SANTA FE, Argentina – A 1994 terrorist attack on a Jewish center in Buenos Aires, Argentina, that left 85 people dead was an “act of madness,” according to Pope Francis.
The pontiff’s words came in a letter to Jorge Knoblovits, the president of the DAIA, the Delegation of Argentine Israeli Associations, marking the 25th anniversary of the bombing.
Francis said these acts are not limited to his home country of Argentina, but that all over the world there are people whose lives and hopes have been “truncated” in the name of religion.
“This ‘piecemeal third world war’ knows no borders, and has shown its cruel face from the East to the West,” Francis wrote.
He said this conflict has “turned wives into widows, sons and daughters into orphans, and all in the name of God, blaspheming the name of God.”
He closed the letter with what amounts to a marching order: “It’s true that God has created us equal in rights, but he also did so in obligations and dignity.
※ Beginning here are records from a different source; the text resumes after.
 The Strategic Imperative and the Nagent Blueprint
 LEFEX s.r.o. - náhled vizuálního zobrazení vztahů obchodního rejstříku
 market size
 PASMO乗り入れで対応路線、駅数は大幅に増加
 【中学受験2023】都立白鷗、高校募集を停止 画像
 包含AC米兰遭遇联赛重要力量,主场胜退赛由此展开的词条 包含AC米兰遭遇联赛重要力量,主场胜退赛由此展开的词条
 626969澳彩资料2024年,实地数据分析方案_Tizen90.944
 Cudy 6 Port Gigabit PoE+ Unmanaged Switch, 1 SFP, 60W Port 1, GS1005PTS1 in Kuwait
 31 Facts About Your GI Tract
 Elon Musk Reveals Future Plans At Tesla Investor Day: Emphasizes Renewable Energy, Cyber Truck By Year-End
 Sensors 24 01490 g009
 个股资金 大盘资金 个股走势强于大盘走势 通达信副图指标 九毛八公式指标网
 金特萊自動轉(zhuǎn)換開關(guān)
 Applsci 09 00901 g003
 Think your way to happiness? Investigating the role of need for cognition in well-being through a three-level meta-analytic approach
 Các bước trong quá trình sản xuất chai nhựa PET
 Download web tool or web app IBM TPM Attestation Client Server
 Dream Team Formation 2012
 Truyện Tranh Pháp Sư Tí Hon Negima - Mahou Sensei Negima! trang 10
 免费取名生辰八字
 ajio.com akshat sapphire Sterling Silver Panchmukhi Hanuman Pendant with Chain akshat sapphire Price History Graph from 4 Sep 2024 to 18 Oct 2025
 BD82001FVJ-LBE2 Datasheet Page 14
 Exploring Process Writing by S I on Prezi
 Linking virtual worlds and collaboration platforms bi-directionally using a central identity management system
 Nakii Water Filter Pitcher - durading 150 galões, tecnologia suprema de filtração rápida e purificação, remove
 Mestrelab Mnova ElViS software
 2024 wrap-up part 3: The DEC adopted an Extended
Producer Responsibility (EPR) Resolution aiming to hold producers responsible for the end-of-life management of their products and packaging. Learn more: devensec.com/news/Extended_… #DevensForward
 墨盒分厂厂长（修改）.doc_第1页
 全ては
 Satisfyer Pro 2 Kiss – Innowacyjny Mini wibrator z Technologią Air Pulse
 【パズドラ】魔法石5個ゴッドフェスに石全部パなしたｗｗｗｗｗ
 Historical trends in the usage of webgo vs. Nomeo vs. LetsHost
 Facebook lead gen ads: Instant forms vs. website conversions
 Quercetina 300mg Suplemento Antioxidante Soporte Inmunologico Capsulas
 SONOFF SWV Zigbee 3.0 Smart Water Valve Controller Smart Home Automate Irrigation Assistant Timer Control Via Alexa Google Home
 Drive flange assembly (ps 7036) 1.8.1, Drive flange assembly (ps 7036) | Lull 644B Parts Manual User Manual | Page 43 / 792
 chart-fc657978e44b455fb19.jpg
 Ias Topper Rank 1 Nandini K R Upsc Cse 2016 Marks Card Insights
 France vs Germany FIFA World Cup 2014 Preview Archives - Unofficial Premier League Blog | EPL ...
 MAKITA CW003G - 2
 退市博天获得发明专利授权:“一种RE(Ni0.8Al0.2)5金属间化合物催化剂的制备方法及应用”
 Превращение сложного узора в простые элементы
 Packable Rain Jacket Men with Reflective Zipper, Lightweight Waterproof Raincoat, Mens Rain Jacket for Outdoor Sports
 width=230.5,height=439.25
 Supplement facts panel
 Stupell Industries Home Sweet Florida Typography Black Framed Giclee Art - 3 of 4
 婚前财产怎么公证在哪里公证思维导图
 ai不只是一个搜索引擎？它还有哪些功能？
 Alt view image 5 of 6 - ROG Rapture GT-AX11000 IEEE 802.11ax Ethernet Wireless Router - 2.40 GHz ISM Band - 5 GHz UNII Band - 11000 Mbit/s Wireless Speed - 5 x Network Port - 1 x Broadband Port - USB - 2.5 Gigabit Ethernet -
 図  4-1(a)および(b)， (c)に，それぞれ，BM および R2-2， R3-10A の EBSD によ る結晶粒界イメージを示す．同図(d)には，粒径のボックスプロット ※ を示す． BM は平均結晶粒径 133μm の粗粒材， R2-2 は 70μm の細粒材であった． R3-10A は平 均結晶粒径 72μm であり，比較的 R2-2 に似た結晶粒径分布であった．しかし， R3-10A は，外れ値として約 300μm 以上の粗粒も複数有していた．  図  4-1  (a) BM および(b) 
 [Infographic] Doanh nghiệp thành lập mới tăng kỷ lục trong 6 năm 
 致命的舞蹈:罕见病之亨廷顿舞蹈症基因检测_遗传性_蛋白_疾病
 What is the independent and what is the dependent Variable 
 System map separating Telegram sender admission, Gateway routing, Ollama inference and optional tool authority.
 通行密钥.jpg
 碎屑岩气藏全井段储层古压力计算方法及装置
Peace should not be only our right; its construction should be our obligation.”
The anniversary of the attack on the Asociación Mutual Israelita Argentina (AMIA) is next week, July 18, but the letter, hand-signed by Francis, was sent on July 10.
On October 25, 2006, Argentine prosecutors Alberto Nisman and Marcelo Martínez Burgos formally accused the government of Iran of directing the bombing, and the Hezbollah militia of carrying it out. Four years ago, Nisman presented a 300-page report accusing then-President Cristina Fernandez de Kirchner of covering up Iran’s role in the attack.
Nisman was murdered hours before he was due to testify against Kirchner, which the Federal Court of Buenos Aires called a “direct consequence” of the prosecutor’s accusations against the former president. His crime remains unsolved.
Argentina is home to a Jewish community estimated to number between 180,000-220,000. It is the largest in Latin America.
Next week, there will be several events to remember the AMIA attack, and among those who’ve sent messages marking the anniversary is Archbishop Oscar Ojea, President of the Argentine bishops’ conference.
“We want to be close to the relatives [of the victims] on this day and at the same time assure you of our prayers,” Ojea said in a video shared on Twitter by DAIA. “Once again, we make a personal commitment to avoid all kinds of discrimination: Racial, social, religious or cultural, which denigrate the integrity of the human person, making a healthy coexistence impossible.”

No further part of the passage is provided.